JProfiler Help

Splitting The Call Tree


Call trees are cumulated for repeated invocations of the same call stacks. This is necessary because of memory overhead and the need for consolidating data in order to make it understandable. However, sometimes you want to break the cumulation at selected points so you can view parts of the call tree separately.

JProfiler has a concept of splitting the call tree with special nodes that are inserted into the call stack and show semantic information that has been extracted from the method invocation above the inserted node. These splitting nodes allow you to see additional payload information directly inside the call tree and to analyze their contained sub-trees separately. Each splitting type can be merged and unmerged on the fly with the actions in the context menu and has a cap on the total number of splitting nodes so that the memory overhead is bounded.

Call tree splitting and probes

Probes can split the call tree according to the information that they collect at selected methods of interest. For example, the "HTTP server" probe splits the call tree for each different URL. The splitting in this case is highly configurable, so you can include only the desired parts of the URL, some other information from the servlet context or even produce multiple splitting levels.

If you write your own probe, you can split the call tree in the same way, with both the embedded and the injected custom probe systems.

Splitting methods with scripts

The same splitting functionality that is available to probes can be used directly in the call tree, with the Split Method With a Script action. In the screen shot below, we want to split the call tree for a JMS message handler to see the handling of different types of messages separately.

Instead of writing a probe, you just enter a script that returns a string.

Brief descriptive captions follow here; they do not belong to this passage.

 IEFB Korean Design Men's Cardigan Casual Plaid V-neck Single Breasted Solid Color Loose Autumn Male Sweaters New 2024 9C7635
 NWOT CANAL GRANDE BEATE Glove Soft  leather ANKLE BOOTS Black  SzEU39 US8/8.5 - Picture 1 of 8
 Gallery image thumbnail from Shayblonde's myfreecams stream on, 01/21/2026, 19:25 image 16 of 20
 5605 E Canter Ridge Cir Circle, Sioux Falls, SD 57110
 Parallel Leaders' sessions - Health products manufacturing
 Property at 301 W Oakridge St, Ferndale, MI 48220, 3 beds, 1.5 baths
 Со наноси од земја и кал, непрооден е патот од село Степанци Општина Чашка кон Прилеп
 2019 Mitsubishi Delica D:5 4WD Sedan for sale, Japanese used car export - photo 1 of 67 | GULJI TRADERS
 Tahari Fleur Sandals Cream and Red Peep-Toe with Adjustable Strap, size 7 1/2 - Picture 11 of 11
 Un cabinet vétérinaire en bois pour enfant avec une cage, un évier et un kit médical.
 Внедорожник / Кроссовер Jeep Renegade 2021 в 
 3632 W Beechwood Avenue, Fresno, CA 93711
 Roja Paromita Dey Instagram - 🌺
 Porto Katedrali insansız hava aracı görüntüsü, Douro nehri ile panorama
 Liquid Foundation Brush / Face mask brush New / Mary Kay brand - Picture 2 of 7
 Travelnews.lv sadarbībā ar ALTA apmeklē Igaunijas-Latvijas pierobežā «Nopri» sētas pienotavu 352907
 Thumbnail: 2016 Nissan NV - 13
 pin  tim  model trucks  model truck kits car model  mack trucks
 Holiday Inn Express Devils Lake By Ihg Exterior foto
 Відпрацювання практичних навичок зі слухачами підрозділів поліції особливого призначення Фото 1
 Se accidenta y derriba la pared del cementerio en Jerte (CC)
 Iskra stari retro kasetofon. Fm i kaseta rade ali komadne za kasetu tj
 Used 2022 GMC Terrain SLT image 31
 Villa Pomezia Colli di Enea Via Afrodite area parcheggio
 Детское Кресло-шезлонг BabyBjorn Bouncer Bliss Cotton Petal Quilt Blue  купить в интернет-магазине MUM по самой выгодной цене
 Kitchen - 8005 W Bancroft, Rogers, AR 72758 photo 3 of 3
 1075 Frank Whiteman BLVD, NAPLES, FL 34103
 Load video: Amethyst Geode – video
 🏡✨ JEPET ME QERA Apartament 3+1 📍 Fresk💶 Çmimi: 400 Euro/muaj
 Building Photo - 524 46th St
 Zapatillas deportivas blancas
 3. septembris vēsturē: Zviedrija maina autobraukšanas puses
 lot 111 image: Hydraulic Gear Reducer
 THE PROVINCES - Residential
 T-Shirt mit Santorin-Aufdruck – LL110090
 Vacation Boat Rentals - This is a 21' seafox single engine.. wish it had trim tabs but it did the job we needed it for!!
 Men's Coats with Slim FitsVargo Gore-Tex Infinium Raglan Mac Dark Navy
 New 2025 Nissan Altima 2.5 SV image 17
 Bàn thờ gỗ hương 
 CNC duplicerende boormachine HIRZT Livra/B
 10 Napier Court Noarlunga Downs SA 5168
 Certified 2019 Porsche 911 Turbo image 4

The string is used for grouping the call tree at the selected method and is displayed in the splitting node. If you return null, the current method invocation is not split and added to the call tree as usual.

The script has access to a number of parameters. It is passed the class of the selected method, the instance for non-static methods, as well as all method parameters. In addition, you get a ScriptContext object that can be used to store data. If you need to recall some values from previous invocations of the same script, you can invoke the getObject/putObject and getLong/putLong methods in the context. For example, you may want to split only the first time a particular value for method parameter is seen. You could then use

if (scriptContext.getObject(text) != null) {
    scriptContext.putObject(text);
    return text;
} else {
    return null;
}

as part of your splitting script.

Splitting nodes are inserted below the selected method. For the example in the above screen shot, we now see the handling code for each JMS message destination separately.

The splitting location is bound to a method, not to the selected call stack. If the same method is present somewhere else in the call tree, it will be split as well. If you use the Merge splitting level action, all splits will be merged into a single node. That node gives you a chance to unmerge the split again.

If you produce too many splits, a node labeled capped method splits will contain all further split invocations, cumulated into a single tree. With the hyperlink in the node, you can reset the cap counter and record some more splitting nodes. For a permanent increase in the maximum number of splits, you can increase the cap in the profiling settings.

To edit split methods after you have created them, go to the session settings dialog. If you don't need a particular split method anymore, but want to keep it for future use, you can disable it with the check box in front of the script configuration. This is better than just merging it in the call tree, because the recording overhead may be significant.